Photo Gallery - August 2003
Pictures can be clicked to see a large version of the image.
The Queen Jane at a mooring in Port Vila just off Iririki Island. The QJ stayed at this mooring for almost a whole month, first while Jordan and Jonah flew home to the USA to visit family and then as Jordan recovered from a nasty case of Airplane Flu.
A Nangol Tower at the Vanuatu Cultural Museum in Port Vila. The Nangol Tower is used on Pentacost Island for a harvest festival where men and young boys jump from the tower with vines attached to their feet. The vines being just long enough for the jumper to reach the ground without smashing into it. Reports are that the originator of Bungee Jumping (a man named Hackett from New Zealand) witnessed this ritual during the 1970s.

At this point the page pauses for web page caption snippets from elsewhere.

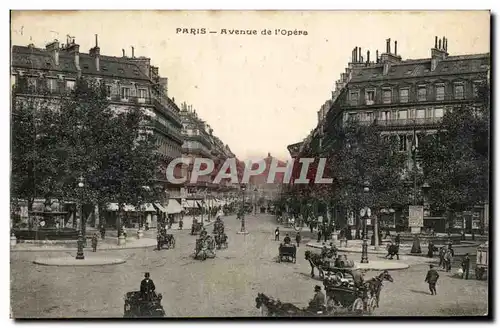 Paris Cartes postales Avenue de l&#39opera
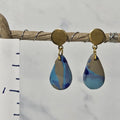 Mosaic Drops With Gold Studs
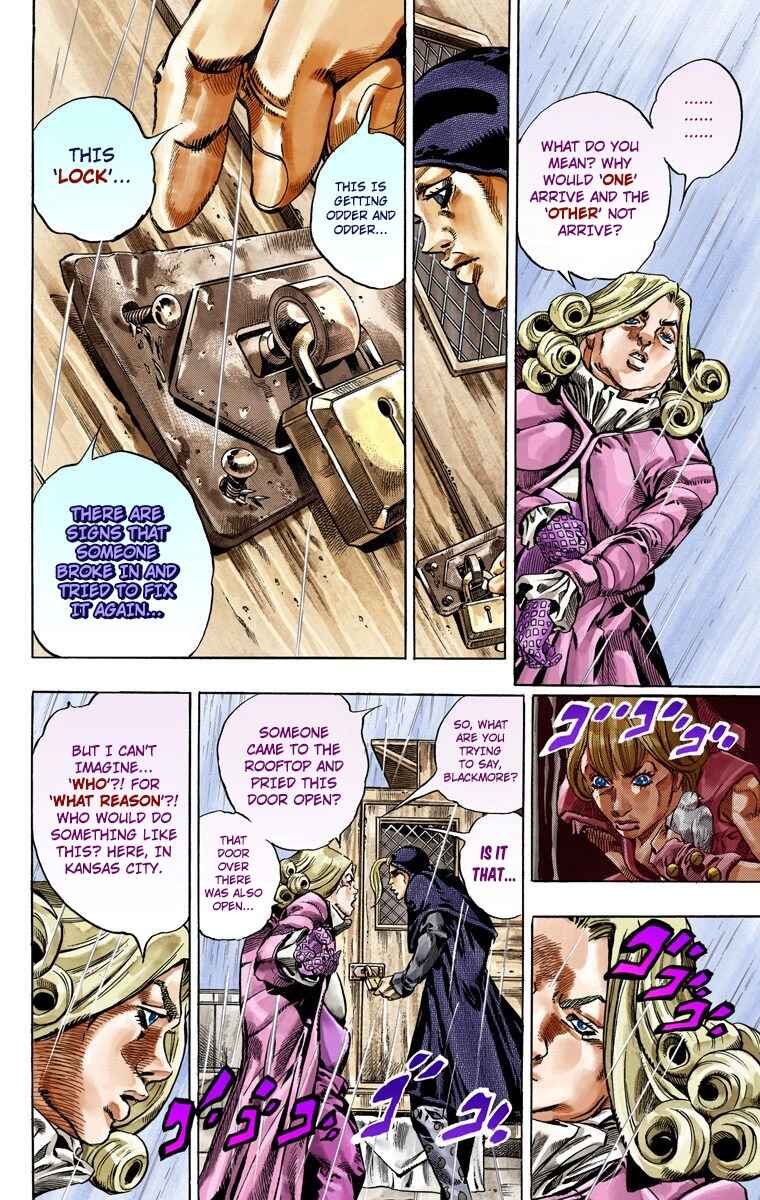 JoJo's Bizarre Adventure, Part 7: Steel Ball Run (Official Colored) Chapter 36 page 40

An exhibit showing an effigy of a high chief used to celebrate the chief after his death. Note the "Namba" worn over the dummy's genitals. In "Kustom" villages in Vanuatu (mainly on Tanna and Malekula) these articles are still worn and usually are the only item of "clothing" worn by males. On Malekula two clans dominate the island's interior. In the North the "big nambas" and in the South the "small nambas". The terms were designed to reflect the size of the nambas worn by men of each clan.
The Western approach to the Maskelyne Islands showing Vulai Island. Located on the SE tip of Malekula Island, the Maskelynes are comprised of half a dozen small islands located just off the mainland forming an enclosed, peaceful series of channels with several protected anchorages.
As we approached the anchorage at Awei Island (to the left) the barkentine "Soren Larsen" was leaving. The Soren Larsen is operated by an Australian as a charter boat taking clients on trips of various length through the islands of Vanuatu.
The approach to the anchorage at Awei with the mainland pictured (Awei Island is off frame to the left). There were three boats anchored there when we arrived, "Valere" from Los Angeles, "Wind Runner" from San Francisco and "Toucan" from Seattle.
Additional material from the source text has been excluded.